Overview 1: The DC layer

2014-04-03 | Dagger Team

A new LLVM library is introduced to provide DeCompilation to IR: DC. In much the same way the MC layer works, DC provides target-independent APIs, which are partially implemented by backends. Currently, DC is focused on translating LLVM MC (assembly and machine code level) to IR.
There are a few basic principles guiding the design of DC. First, do as much as possible statically: for instance, the dynamic binary translator runtime is the static translator, but reading from memory rather than binary object files, and with a few changes to accomodate linker and loader related problems. Second, optimize for the common case: in our case, sound binaries produced by a compiler, rather than the more exotic files, using packers, obfuscation, or any kind of anti-reverse-engineering. However, still keep in mind corner cases and provide fallbacks. Third, be as lazy as possible during translation, mostly to reduce its overhead.

There are a few key classes in DC.

DCInstrSema implements instruction-level semantics. It handles the translation from MCInsts to IR, driven by the tables produced by the SemanticsEmitter TableGen backend. It is also responsible for control flow, functions, and basic blocks in the generated IR Module, based on the translated control flow instruction. This is basically the class that does local translation, from an MCFunction to an IR Function.
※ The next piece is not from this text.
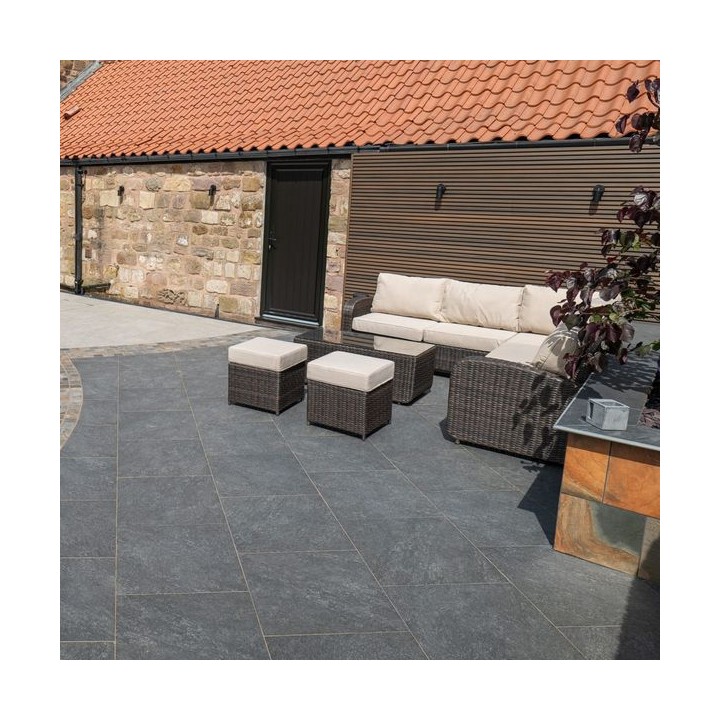 Talasey Cava Quartz Lustre Porcelain Paving 600 x 900mm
DCRegisterSema is used to generate code related to register set accesses: generating the register set context struct type, using it to save and restore registers, creating local variables for individual registers, handing super-/sub-register semantics, and more. This is also where status registers flags and condition codes are translated.

DCTranslator drives the complete translation process, from disassembly to symbolization to IR generation to immediate optimizations.